Business & Professions Code 25631 BPC
BPC 25631 – Selling Alcohol between 2am and 6am
Selling Alcohol between 2am and 6am – Table of Contents
It is unlawful for any business entity that has an on-premises or off-premises license to knowingly sell, give or deliver to any person an alcoholic beverage between the hours of 2am and 6am any day of the week.
What is the definition of an on-premise or off-premise license to sell alcohol as defined by Business and Professions Code 25631 BPC?
Liquor licenses provided by the Department of Alcohol Beverage and Control (ABC) are classified into three types: (1) Manufactures who distill, or brew; (2) Distributors who are wholesale that pick up the yields from manufactures to deliver to stores; (3) Retailers who transact with customers for sale. At retail, ABC provides” on-premise “and ”off-premise“ liquor licenses. On-sale premise licenses allows customers to drink on the property. Off-sale premise license allows customers to drink off site but purchase on the premises.
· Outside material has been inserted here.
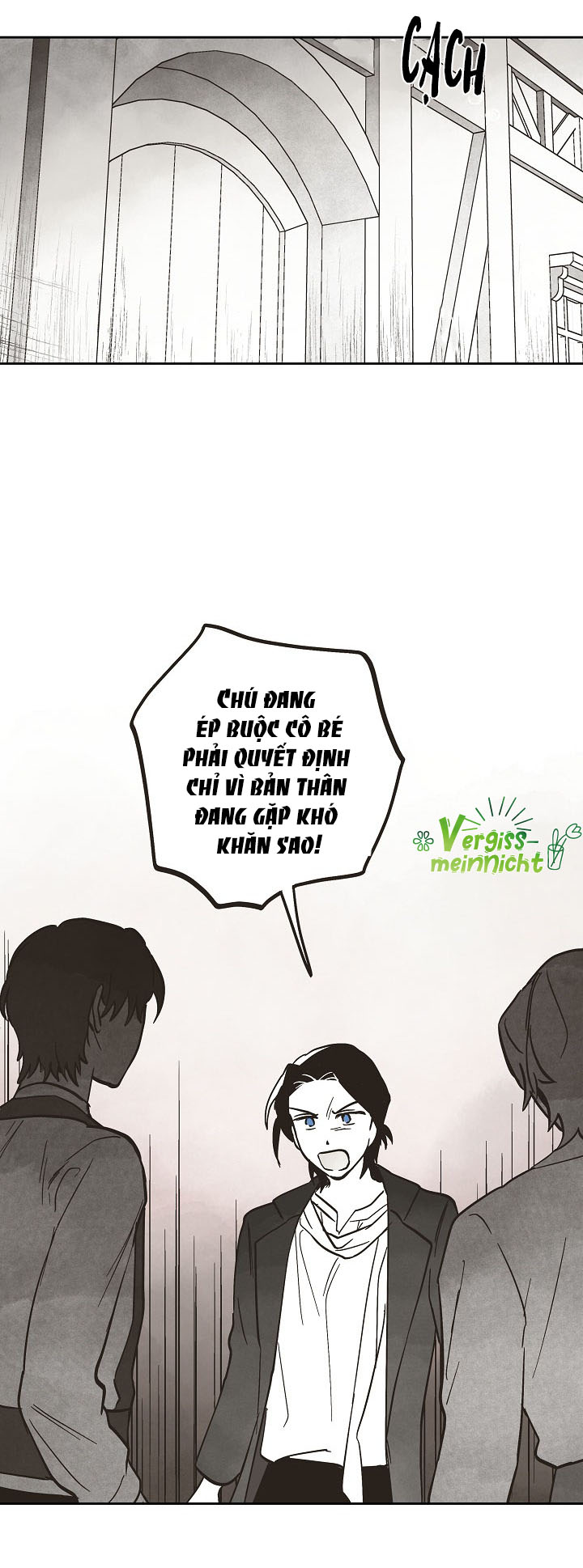 Thủy Tổ Pháp Sư Chapter 7 - Trang 13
License types 20 and 21 refer to off-sale premise licenses. Type 20 refer to packaging stores that allow the sale of beer and wine for consumption off the premises where the alcohol is sold minors or not allowed on the premises. Type 21 refers to packaging stores that allow the sale of beer, wine, and distilled spirits for consumption off the premises where alcohol is sold: Minors are not allowed on the premises.
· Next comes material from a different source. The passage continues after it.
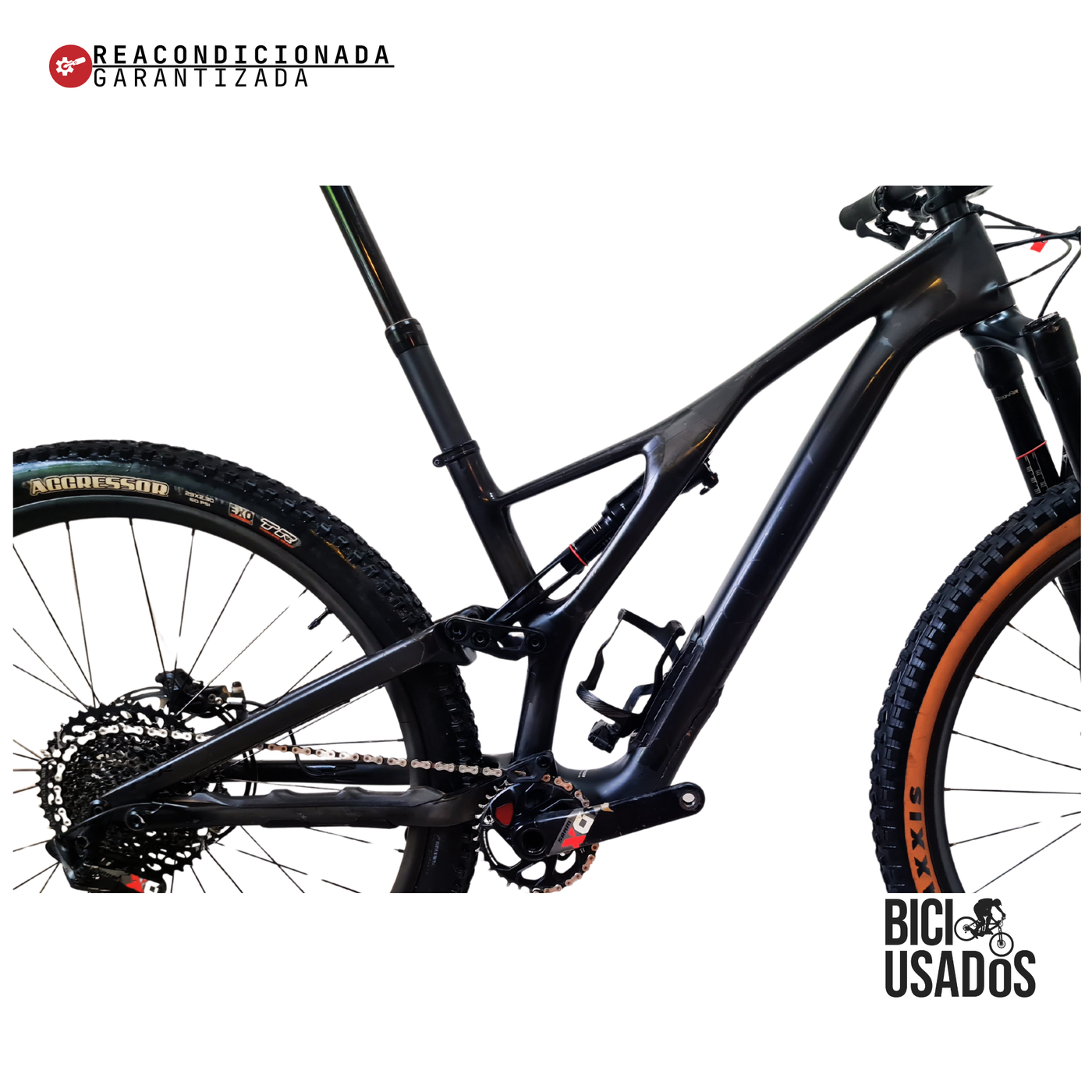 Stumpjumper ST Expert Carbon (2019)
License types 40, 41, 42, 47, 48, and 49 refer to on-sale premise licenses. Type 40 refer to bars and taverns that sale beer and food for consumption on or off the premises: Wine or Distilled spirits cannot be sold but Minors are allowed. Type 41 refer to restaurants deriving predominate sales from food, kitchens on-site, that sale beer, wine and food for consumption on or off the premises: Distilled spirits, except those used for cooking, cannot be sold, and Minors are not allowed. Type 42 refer to bars and taverns, not selling food, but that sale beer and wine for consumption on or off the premises: Distilled spirts cannot be sold and Minors are not allowed. Type 47 refer to restaurants deriving predominate sales from food, with on-site kitchens, that sale beer, wine and food for consumption off its premises: Minors are allowed. Type 48 refer to bars and night clubs that sale beer, wine, and distilled spirits for consumption on the premises: Beer and Wine can be sold off the premises; and Minors are not allowed. Type 49 is a Type 47 license for a durative period (seasonal).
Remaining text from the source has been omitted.